--- Data ---

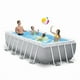 thumbnail image 1 of Piscina Estructural Rectangular INTEX Prism Frame, 400 x 200 x 100 cm, 6.836L, con Bomba y Escalera, 1 of 8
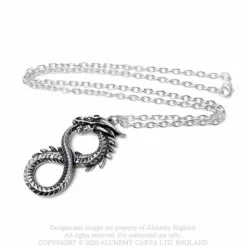 Alchemy Gothic Alchemy Infinity Dragon Pendant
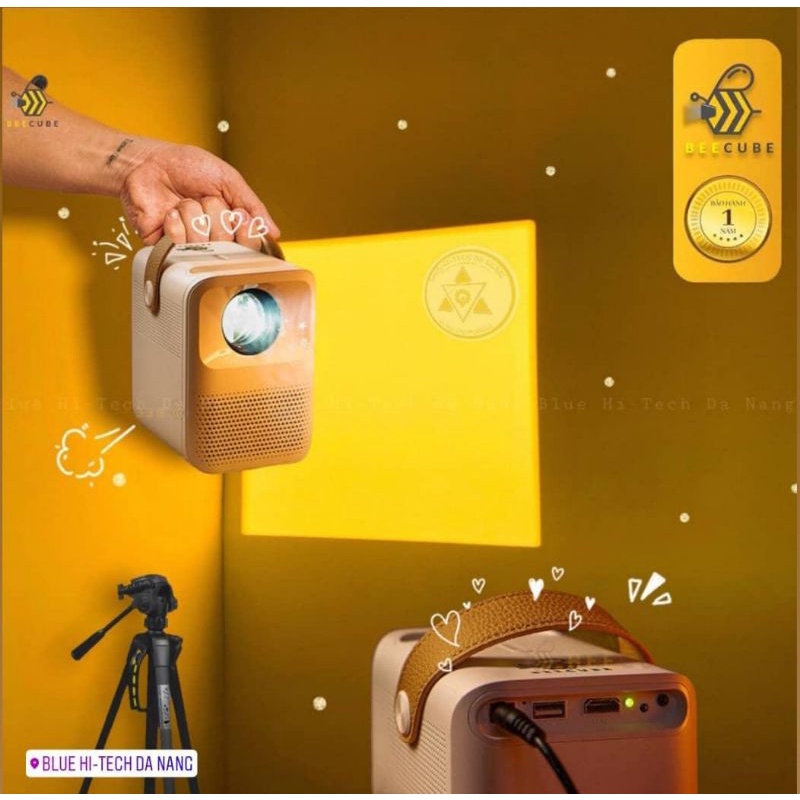 Chân Máy Chiếu BEECUBE Cao Cấp - Giá Đỡ Dành Cho Máy Chiếu Mini - Điện Thoại - Máy Ảnh. Blue Hi-Tech Da Nang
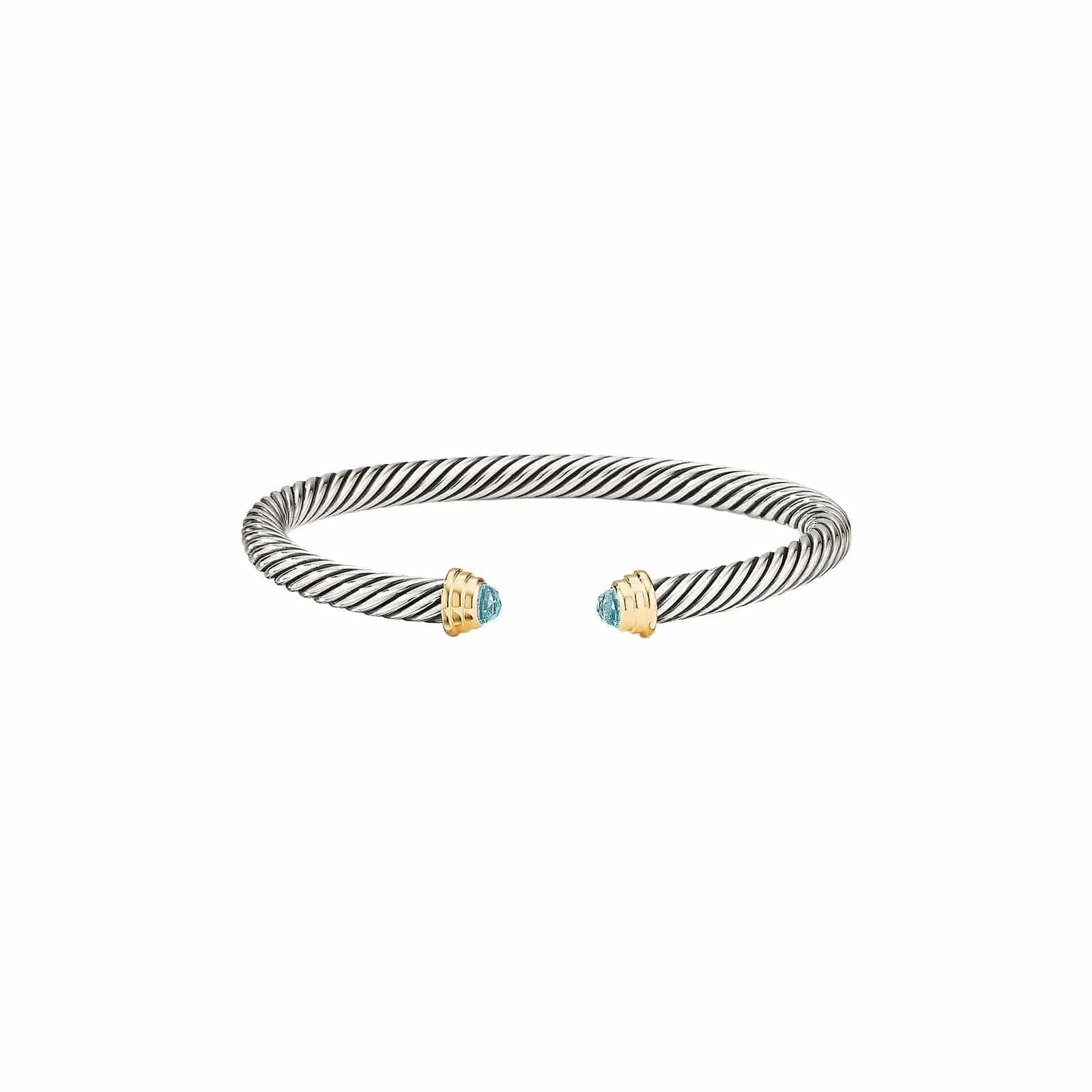 Aquamarine Cable Kids Cuff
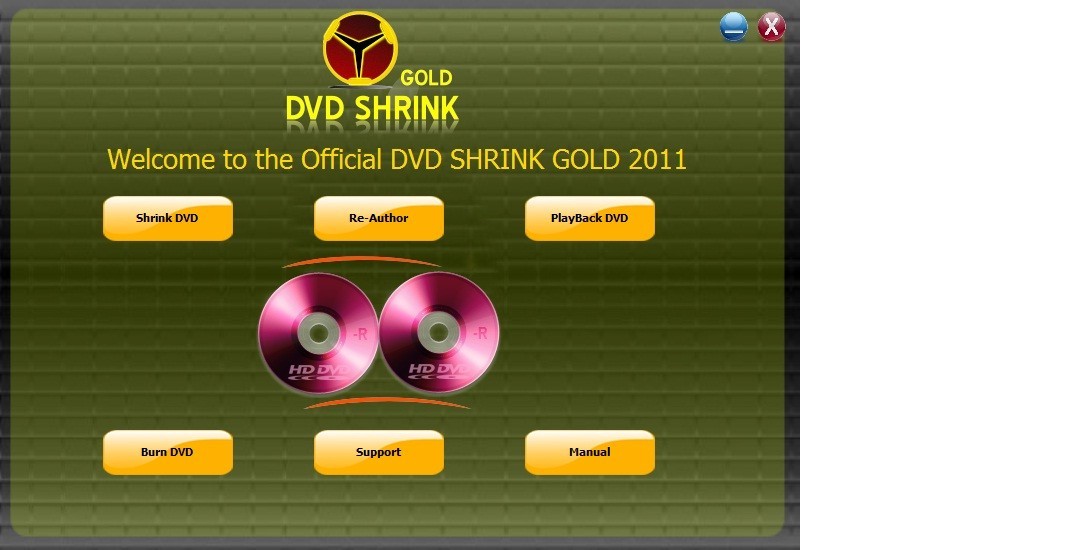 DVD Shrink 2011 Gold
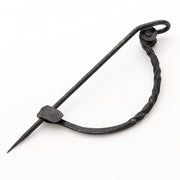 Forged Iron Cloak Pin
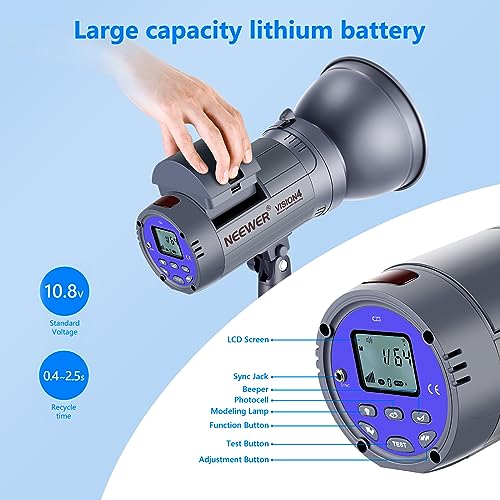 Neewer Vision 4 300W Outdoor Studio Flash Monolight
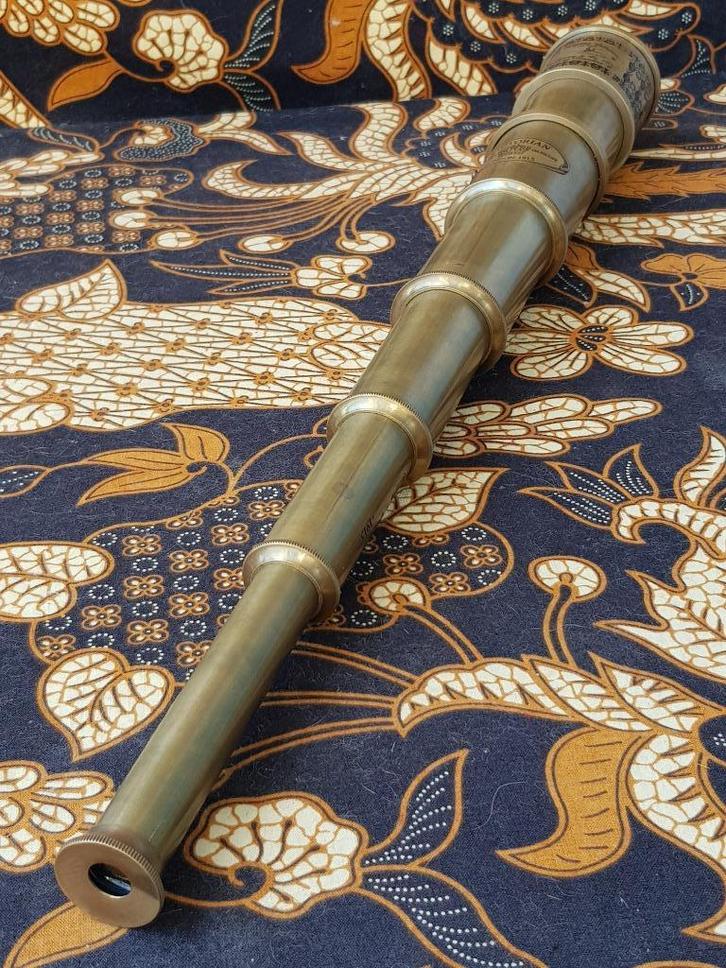 Mooie zware koperen telescoop kijker van Victorian London., Antiek en Kunst, Antiek | Woonaccessoires, Ophalen of Verzenden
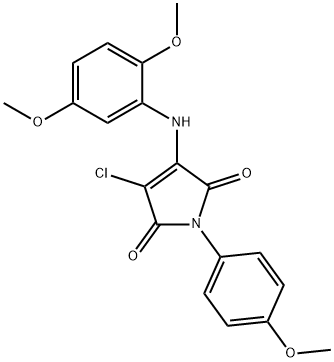 3-chloro-4-(2,5-dimethoxyanilino)-1-(4-methoxyphenyl)-1H-pyrrole-2,5-dione Struktur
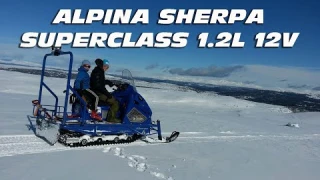 Alpina SHERPA SUPERCLASS 1.2L snowmobile world's biggest snowmobile (maybe)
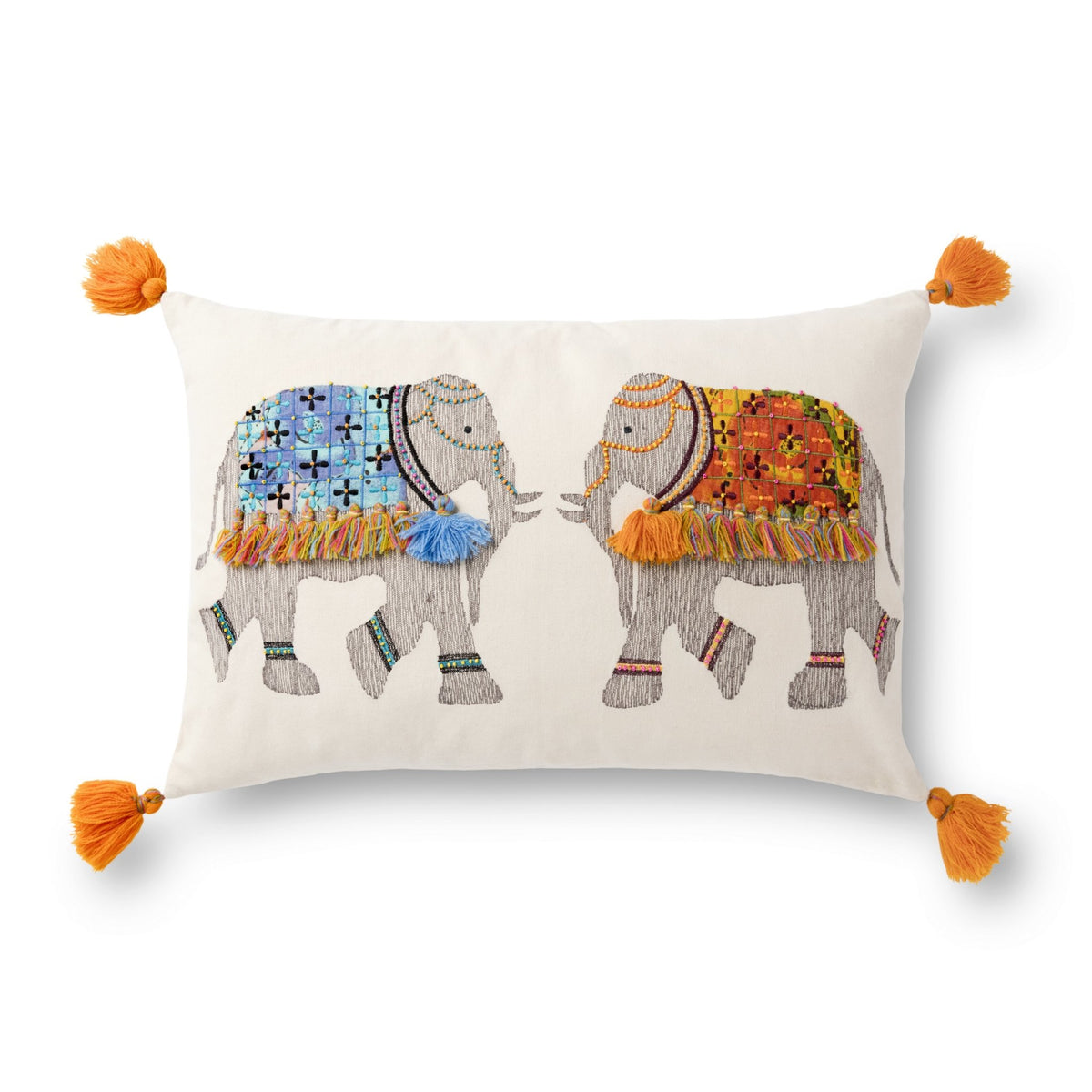 Loloi P0871 Natural/Multi Pillow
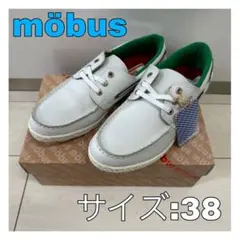 mobus モーブス ヴァイデン ホワイト デッキタイプ レディース スニーカーのサムネイル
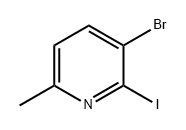 Pyridine, 3-bromo-2-iodo-6-methyl- 化学構造式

---

▶ Work order: Only the lines from the one containing "Loloi P0871 Natural/Multi Pillow" through the final line of the listing should be reproduced, exactly and with no pictures.

▶ Solved problem:
 Loloi P0871 Natural/Multi Pillow
 mobus モーブス ヴァイデン ホワイト デッキタイプ レディース スニーカーのサムネイル
 Pyridine, 3-bromo-2-iodo-6-methyl- 化学構造式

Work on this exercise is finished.